For anyone interested, I use Hugo to automatically publish the results here: https://commit-and-checkout-actions-workflow.schnerring.net/. Turning this into unit tests would also be pretty straightforward.

schnerring avatar Apr 02 '23 04:04 schnerring

I am currently running into this issue:

  • https://github.com/gruvw/portfolio/blob/6b82fea7a5c5705e432982406fc5d189badd6809/.github/workflows/build-jekyll.yml#L49
  • workflow: https://github.com/gruvw/portfolio/actions/runs/5046101941/jobs/9051182850#step:3:388

gruvw avatar May 22 '23 14:05 gruvw

many thanks schnerring, using this method based on GITHUB_OUTPUT it worked beetwen different jobs, thkns! None of the other methods worked, maybe because I'm triggering by a tag? Then apparently you can't git pull or get latest commits. PR that uses this concept - based on commit hash shared beetwen jobs

RaulTrombin avatar Aug 08 '23 14:08 RaulTrombin

From the docs:

Only a single commit is fetched by default, for the ref/SHA that triggered the workflow. Set fetch-depth: 0 to fetch all history for all branches and tags

luqmanrom avatar Dec 05 '23 07:12 luqmanrom

I was having this same issue with checkout@v4, thought I was taking wacky pills, so I am very thankful for this thread! It feels great knowing that I am not alone in this issue.

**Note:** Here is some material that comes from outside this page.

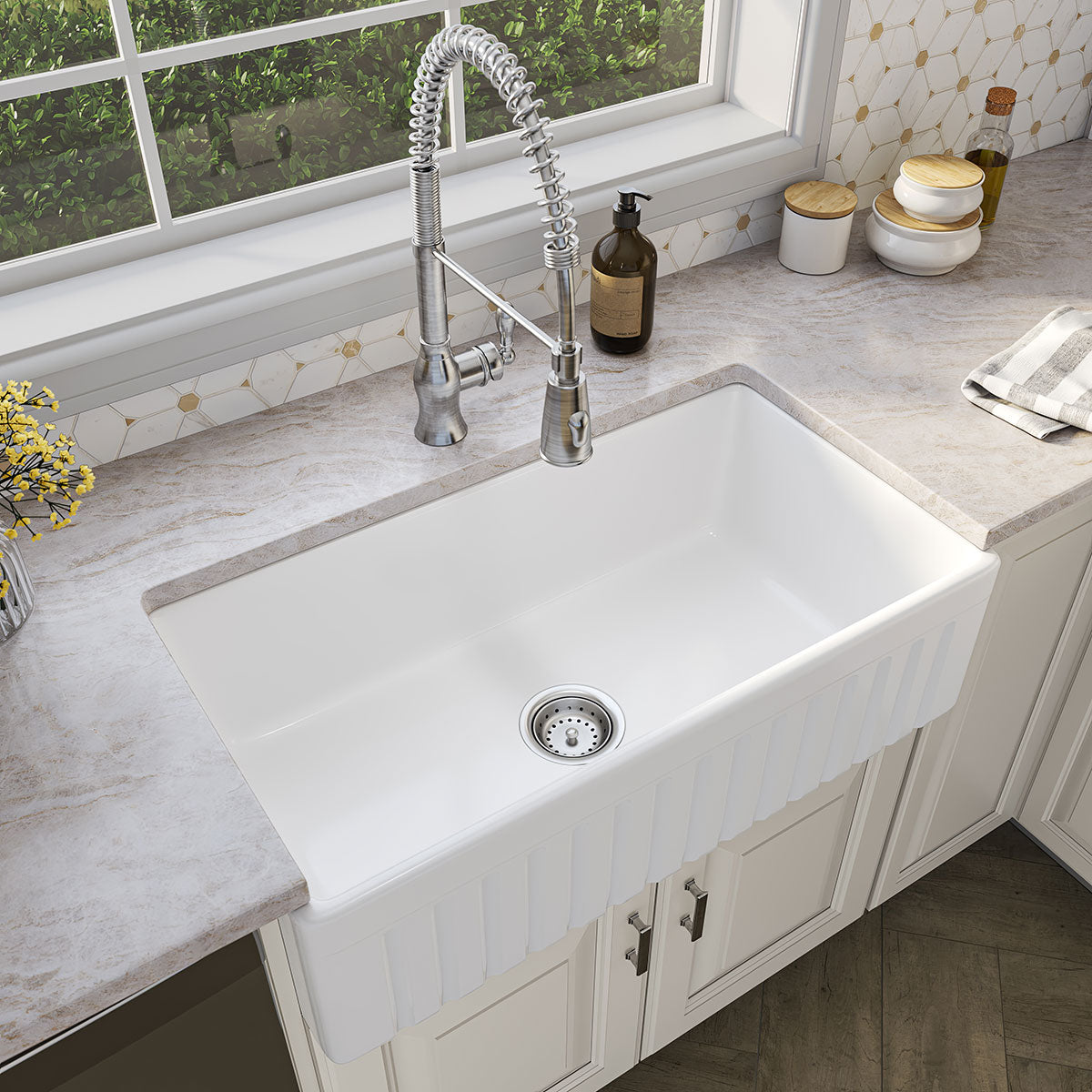 MSI Fireclay Farmhouse Single Bowl Sink in White, installed in a room setting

In the end, the fetch-depth option wasn't necessary, but adding the ref: main to my checkout step did the trick.

So, for any of you checkout@v4 folks this is what worked for me:

- name: Checkout
  uses: actions/checkout@v4
  with:
    ref: main

eliduke avatar Mar 06 '24 00:03 eliduke

What the hell, I was thinking I was popping crazy pills, how is this even an issue.